1. ハイパーバイザー型仮想化では、ホストOS上に仮想化ソフトウェアをインストールし、その上で仮想マシンを動作させる。
誤りです。
この解説は、ホスト型仮想化の説明です。
ホスト型では、すでに稼働しているホストOSの上に、仮想マシンをインストールして動作させるため、ホストOSを変更せず仮想マシンを増やすことができます。その一方、ホストOSとゲストOSの両方を起動するため、物理リソースが多く必要となります。
2. ハイパーバイザー型仮想化では、ハードウェア上で直接仮想化ソフトウェアを実行し、その上で仮想マシンを動作させる。
正解です。
ハイパーバイザー型仮想化は、ホストOSを必要としないためハードウェアを直接制御することができ、仮想マシンの速度低下を最小限に抑えることができます。
3. ハイパーバイザー型仮想化では、ゲストOSを使用することなくアプリケーションを動作させる。
誤りです。
この解説は、コンテナ型仮想化の説明です。
コンテナ型仮想化では、コンテナで動くアプリケーションはホストOSのカーネルを共有します。そのため、ゲストOSを動作させるためのリソースが不要になります。

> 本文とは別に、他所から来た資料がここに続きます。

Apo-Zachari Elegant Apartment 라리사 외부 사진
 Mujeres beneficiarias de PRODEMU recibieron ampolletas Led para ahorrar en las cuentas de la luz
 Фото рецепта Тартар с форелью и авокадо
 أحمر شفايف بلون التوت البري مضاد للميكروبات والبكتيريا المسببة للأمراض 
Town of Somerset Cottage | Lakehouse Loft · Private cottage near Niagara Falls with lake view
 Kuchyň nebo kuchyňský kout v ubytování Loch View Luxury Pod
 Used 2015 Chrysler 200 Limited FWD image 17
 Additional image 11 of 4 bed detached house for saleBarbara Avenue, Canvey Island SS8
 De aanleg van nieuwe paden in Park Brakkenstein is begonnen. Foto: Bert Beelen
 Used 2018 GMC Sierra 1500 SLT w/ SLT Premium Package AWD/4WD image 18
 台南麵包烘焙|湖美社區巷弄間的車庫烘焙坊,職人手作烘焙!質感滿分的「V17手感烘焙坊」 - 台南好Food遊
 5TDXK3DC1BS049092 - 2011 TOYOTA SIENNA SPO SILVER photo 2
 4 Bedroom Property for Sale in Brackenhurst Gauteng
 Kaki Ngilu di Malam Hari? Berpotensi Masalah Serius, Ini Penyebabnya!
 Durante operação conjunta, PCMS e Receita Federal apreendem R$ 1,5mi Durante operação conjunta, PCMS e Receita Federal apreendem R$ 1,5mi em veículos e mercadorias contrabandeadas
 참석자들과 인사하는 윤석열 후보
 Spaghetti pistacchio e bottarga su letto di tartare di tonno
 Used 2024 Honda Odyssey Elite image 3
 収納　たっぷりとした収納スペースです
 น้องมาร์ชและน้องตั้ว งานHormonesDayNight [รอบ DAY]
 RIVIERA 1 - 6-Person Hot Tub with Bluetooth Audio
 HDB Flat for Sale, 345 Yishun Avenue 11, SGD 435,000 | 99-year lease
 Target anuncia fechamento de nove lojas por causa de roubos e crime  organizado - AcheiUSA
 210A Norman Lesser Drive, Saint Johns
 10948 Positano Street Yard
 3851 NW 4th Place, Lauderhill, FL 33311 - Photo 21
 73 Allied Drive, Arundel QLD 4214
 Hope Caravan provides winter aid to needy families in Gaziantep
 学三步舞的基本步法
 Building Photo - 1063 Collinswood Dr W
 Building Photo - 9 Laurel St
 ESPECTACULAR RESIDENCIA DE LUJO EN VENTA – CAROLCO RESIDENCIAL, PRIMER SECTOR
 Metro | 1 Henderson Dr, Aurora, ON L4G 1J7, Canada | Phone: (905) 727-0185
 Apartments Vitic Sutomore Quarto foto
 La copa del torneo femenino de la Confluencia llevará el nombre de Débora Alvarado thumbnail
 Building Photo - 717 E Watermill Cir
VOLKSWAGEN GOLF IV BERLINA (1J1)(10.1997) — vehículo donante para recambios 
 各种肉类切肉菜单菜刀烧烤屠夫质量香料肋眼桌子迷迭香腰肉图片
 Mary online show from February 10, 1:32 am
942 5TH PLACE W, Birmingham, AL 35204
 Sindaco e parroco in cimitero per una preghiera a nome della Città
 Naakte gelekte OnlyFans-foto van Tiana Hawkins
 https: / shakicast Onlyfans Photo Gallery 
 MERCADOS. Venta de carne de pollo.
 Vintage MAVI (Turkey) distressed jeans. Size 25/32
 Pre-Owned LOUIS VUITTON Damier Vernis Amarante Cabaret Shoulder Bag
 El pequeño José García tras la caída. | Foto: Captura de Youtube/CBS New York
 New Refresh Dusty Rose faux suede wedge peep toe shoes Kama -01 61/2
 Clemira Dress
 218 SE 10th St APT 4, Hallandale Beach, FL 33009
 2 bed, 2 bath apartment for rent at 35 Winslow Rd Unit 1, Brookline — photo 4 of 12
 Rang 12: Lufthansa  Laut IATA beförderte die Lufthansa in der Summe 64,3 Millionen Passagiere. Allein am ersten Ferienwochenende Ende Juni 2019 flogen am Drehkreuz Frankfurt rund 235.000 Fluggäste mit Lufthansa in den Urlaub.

4. ハイパーバイザー型仮想化では、カーネルを共有し、メモリ消費を抑えて動作させる。
誤りです。
この解説は、コンテナ型仮想化の説明です。
前述の通り、コンテナ型仮想化ではホストOSのカーネルを共有するため、プロセッサやメモリの消費は少なく、ストレージの使用も抑えることができます。
それぞれ仮想化技術のメリット、デメリットを踏まえ、目的方法にあった仮想化を選択できるようにしましょう。